The Antioch of Asia

“There are times when an idea takes hold in a nation in a way that becomes almost prophetic. It does not require complete agreement or even acknowledgement as an absolute reality, but the idea is strong enough to rally a vision and to raise a standard. This is so with the title, ‘the Antioch of Asia’”.  (From page 13 of OBtAoA)

I do not ever recall meeting a Christian leader in Singapore who did not show an understanding of Singapore being called the Antioch of Asia. Some do not put much weight on the alleged mantle, but others like a church leader, Colin felt that the prophetic word bestowed upon the nation a ‘double calling’ and an amplification of the Great Commission mandate – a benchmark for this strategically located nation to measure itself against. It is a title which is mentioned often, to support the need for us to raise the standard in our missions endeavour.

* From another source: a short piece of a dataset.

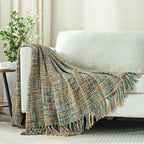 Multi-Color Gold Green Cable Woven Throw Blanket for Couch,60"X80" Boho Style Textured Blankets for Home Decor,Super Soft Warm Cozy Chunky Blanket with Decorative Tassels for Bed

What is not so clear, however, is WHAT it means to be the Antioch of Asia. Apart from having a general sense that, we are called to be significant in the region, in missions - a strategic centre - there was no clear consensus on what it calls us to be. Many speak of the need to go to the unreached, others speak of sending more missionaries to the nations, but others are less clear about this.


Edward Keith Pousson does write about how the Antioch of Asia mantle naturally leads to comparisons with our namesake in Scripture. In his article, Are We Antioch Yet?, he encourages us to press in to understand what the mantle represents and warns that “demographics alone do not make us Antioch.” He highlights that what happened at Antioch was profoundly significant in global outreach. “Antioch produced the first international, cross-cultural mission outreach that involved a church and was not a result of persecution. This was the ‘official’ beginning of the Gentile mission.”


In the absence of a general consensus about what it means to be the Antioch of Asia, it is therefore interesting to me that there was a common feeling amongst many interviewees that we have not yet lived up to the Antioch call (responses ranging from hopeful optimism for what God may do in the future to dismissive cynicism that we will ever live up to the call). In Section 1 of the book, I address these issues in the sub-sections: The Antioch of Asia: A Double Conviction and Falling Short of the Antioch Call.


In 2018, it will be the 40th anniversary of the alleged proclamation over the nation by Rev Billy Graham that we would be the Antioch of Asia. In my Concluding Comments chapter, I touch on the need to re-envision what this means and to be the Antioch of Asia and what it means to even “go beyond Antioch.”


While the book was a case study in partnership in missions, the nature of the guided discussions allowed an evaluation of sorts to emerge, each interviewee telling me what the strengths and weaknesses of our relatively young Asian missions movement are. They also revealed facets of what being the Antioch of Asia should include.


We have done some tremendous things in missions – much to be proud of as a nation – but we now have the opportunity see what the research is telling us and to take steps to grow our collective missions capacity. I believe effective partnership will be a key to this.